━━━━━ Data extracts ━━━━━

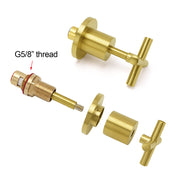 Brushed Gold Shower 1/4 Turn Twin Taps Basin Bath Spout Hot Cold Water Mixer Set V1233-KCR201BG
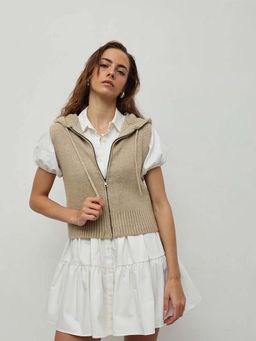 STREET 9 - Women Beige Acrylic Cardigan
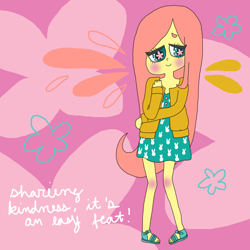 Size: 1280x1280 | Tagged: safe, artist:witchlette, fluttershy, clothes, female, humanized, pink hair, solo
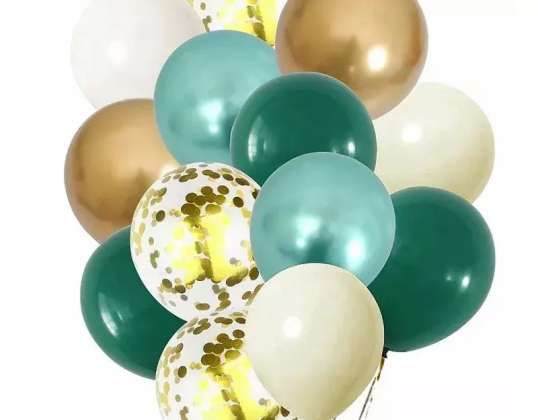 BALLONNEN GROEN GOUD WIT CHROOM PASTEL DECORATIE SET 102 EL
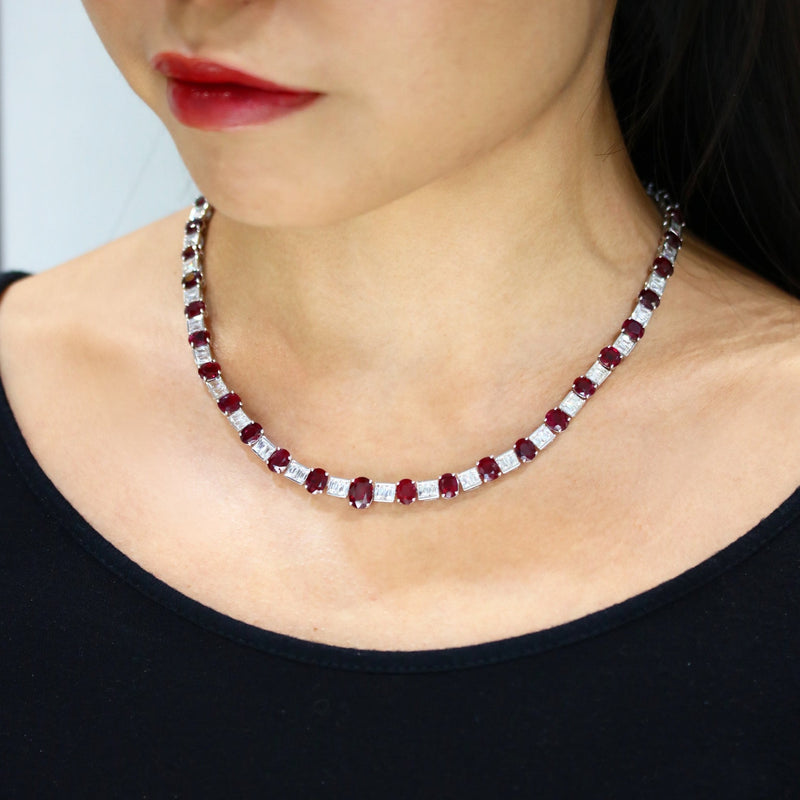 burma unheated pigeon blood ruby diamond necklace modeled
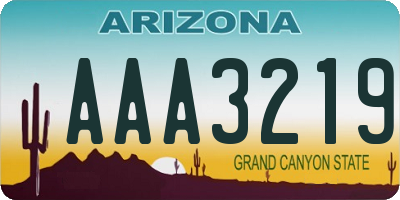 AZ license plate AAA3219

━━━━━

Problem description = Start to finish, write out the data above exactly, omitting all pictures.

Exercise response =
 Brushed Gold Shower 1/4 Turn Twin Taps Basin Bath Spout Hot Cold Water Mixer Set V1233-KCR201BG
 STREET 9 - Women Beige Acrylic Cardigan
 Size: 1280x1280 | Tagged: safe, artist:witchlette, fluttershy, clothes, female, humanized, pink hair, solo
 BALLONNEN GROEN GOUD WIT CHROOM PASTEL DECORATIE SET 102 EL
 burma unheated pigeon blood ruby diamond necklace modeled
 AZ license plate AAA3219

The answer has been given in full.